Ingest data from Azure Blob Storage using a Python Azure Function and Azure Key Vault

In this article, you'll learn how to retrieve a secret from a Key Vault to securely access Azure Storage Blob data using a serverless Python Function.

Ingest Relational Data diagram

The data needed for analytics is typically gathered from various disparate data sources. Data ingestion is the process of extracting data from these data sources into a data store and is the first step of an Extract, Transform, and Load (ETL) solution. There are two types of data ingestion: Batch Processing and Streaming. Batch processing is when a large amount of data is processed simultaneously, with subprocesses executing simultaneously in sequential order. This article focuses on batch processing using a serverless Python Function to retrieve data securely from Azure Blob Storage using Azure Key Vault.

Prerequisites

This article assumes you have set up your environment as described in the previous articles:

Tip

Capture the below information from the previous article to use later in this article:

  • Azure Blob Storage Account name
  • Azure Blob Container name
  • Azure Key Vault name
  • Sample Data Filename

1. Install required Python Azure SDK libraries

Open the requirements.txt file created in the previous article and complete the following steps.

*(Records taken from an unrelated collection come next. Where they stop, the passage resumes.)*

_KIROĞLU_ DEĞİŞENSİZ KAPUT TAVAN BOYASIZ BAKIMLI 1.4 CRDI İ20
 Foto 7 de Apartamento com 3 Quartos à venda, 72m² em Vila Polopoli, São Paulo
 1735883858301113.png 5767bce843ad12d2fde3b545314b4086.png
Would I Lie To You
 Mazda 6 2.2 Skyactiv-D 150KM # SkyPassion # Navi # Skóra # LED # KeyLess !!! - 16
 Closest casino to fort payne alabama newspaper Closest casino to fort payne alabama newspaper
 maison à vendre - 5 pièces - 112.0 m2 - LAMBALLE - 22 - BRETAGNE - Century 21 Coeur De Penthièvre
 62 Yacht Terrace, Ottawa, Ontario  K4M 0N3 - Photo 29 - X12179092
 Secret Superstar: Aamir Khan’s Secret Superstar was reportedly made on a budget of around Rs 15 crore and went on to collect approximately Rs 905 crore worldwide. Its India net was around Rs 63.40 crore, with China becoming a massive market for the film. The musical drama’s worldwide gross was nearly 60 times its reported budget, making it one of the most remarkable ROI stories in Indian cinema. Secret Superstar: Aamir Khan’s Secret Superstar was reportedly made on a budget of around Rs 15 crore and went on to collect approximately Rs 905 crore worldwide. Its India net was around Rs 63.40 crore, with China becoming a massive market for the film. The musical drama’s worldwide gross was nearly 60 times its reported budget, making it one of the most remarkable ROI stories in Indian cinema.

  • Step 1: Create and activate Python virtual environment.

    # Create Python virtual environment
    # [NOTE] On Windows, use py -3 -m venv .venv
    python3 -m venv .venv
    
    # Activate Python virtual environment
    source .venv/bin/activate
    
  • Step 2: Review the file contents and ensure the following Python Azure SDK libraries are listed:

    azure-identity
    azure-storage-blob
    azure-keyvault-secrets
    azure-functions
    pandas
    
  • Step 3: In a terminal, with a virtual environment activated, run the 'pip install' command to install the required libraries.

    pip install -r requirements.txt
    

2. Retrieve Key Vault secret in the Function

Storing secrets in an Azure Key Vault, rather than storing sensitive data in plain text, improves the security of your sensitive information.

The Python Azure SDK key vault secret client library provides secret management. This code creates the client object and retrieves the secret value for the Azure Blob Storage Account.

  • Step 1: Open the 'local.setting.json' file and add Environment Variable values for local development.

    Run the printenv command if you need to retrieve the Environment Variable values.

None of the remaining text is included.